Left and right endomorphisms in monoidal categories

Let consider a monoidal category $\mathscr C, \otimes$ with unit $I$ and unitors $\lambda_X:I\otimes X\to X$ and $\varrho_X:X\otimes I\to X$.

Each endomorphism of the unit $a:I\to I$ induces, on each object $X$, the following endomorphisms: $$L(a,X)=\lambda_X^{-1}(a\otimes 1_X)\lambda_X:X\to X$$ $$R(a,X)=\varrho_X^{-1}(1_X\otimes a)\varrho_X:X\to X$$

Then both $L(a,X)$ and $R(a,X)$ are natural in $X$, and $L(a,I)=a=R(a,I):I\to I$. Note that such equality holds for all objects if $I$ is a generator for the category, that's $L(a,X)=R(a,X)$. Indeed for each $x:I\to X$, by naturality, we have: $L(a,X)\circ x=x\circ a=R(a,X)\circ x$.

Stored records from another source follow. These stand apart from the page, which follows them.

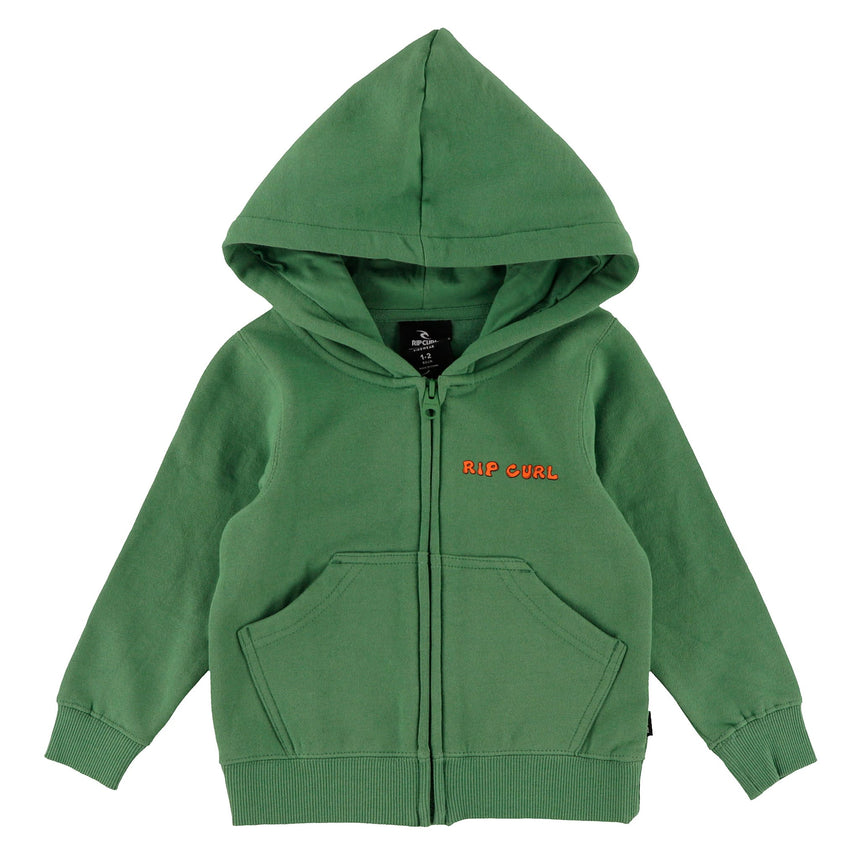 Kangourou Zip Cosmic 1-8ans-Rip Curl-Vert-1-2-CUR-01BTFL-CLÉMENT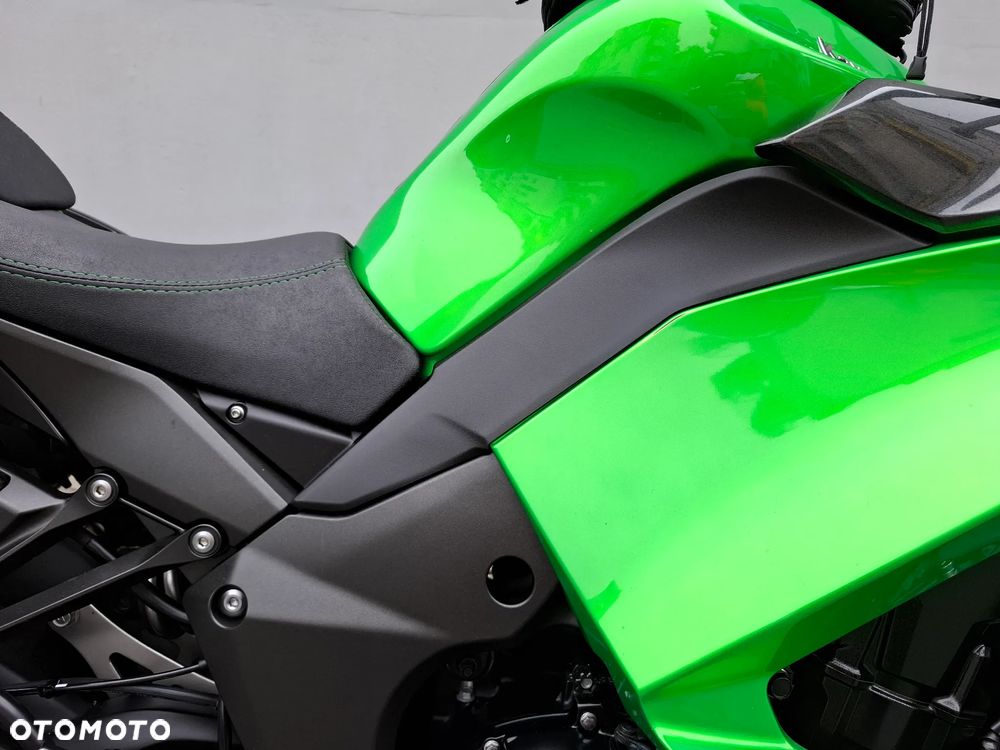 Kawasaki Z - 13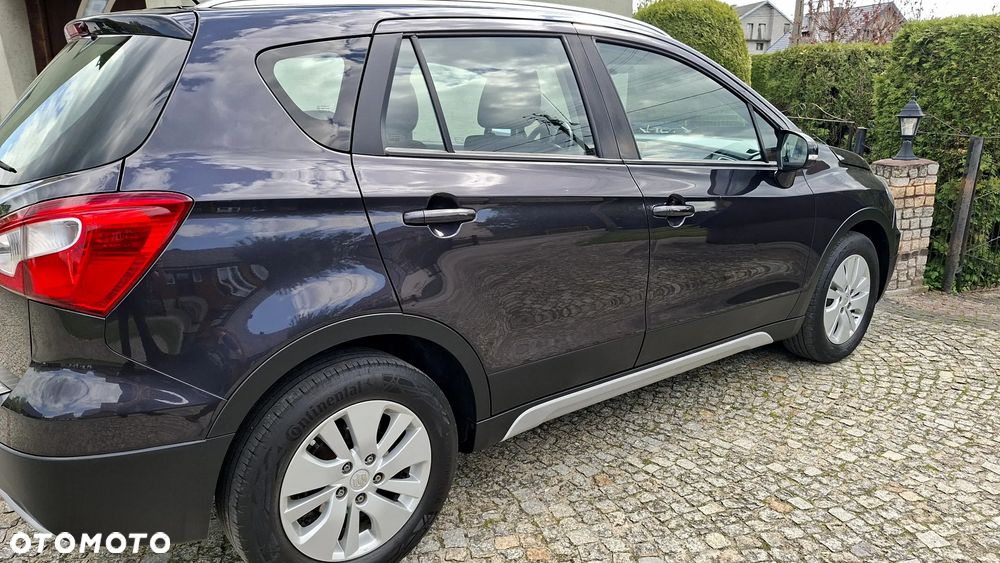 Suzuki SX4 S-Cross 1.6 VVT CVT 4x2 limited - 20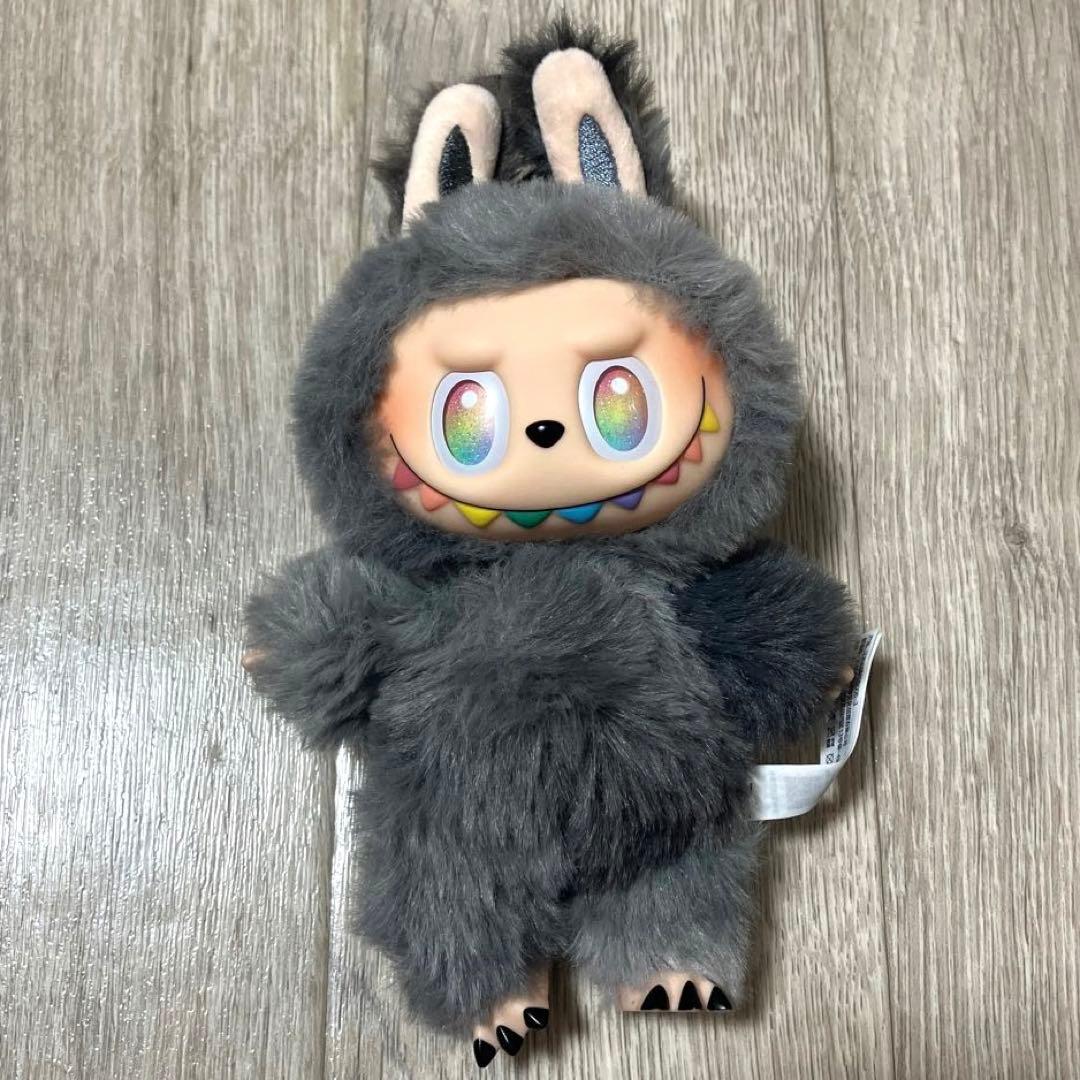 ラブブ　シークレット　ポップマート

Question: the equality $L(a,X)=R(a,X)$ holds for all objects $X$ (even without assuming $I$ to be a generator for the category)?

By no means. Think of the category of bimodules over a commutative ring $k$, so $k$-vector spaces with two actions which are associative with respect to each other but which may not agree. For instance $\mathbb{R}[\epsilon]$ has a natural extra action on all its modules by quotients go down to $\mathbb{R}$ and using the vector space action. Then $L(a,X)$ corresponds to multiplying on the left, and $R(a,X)$ on the right, with an element of $k$, which in the example, acting on itself, is the difference for instance between $x+y\epsilon\mapsto 0,\mapsto x\epsilon$.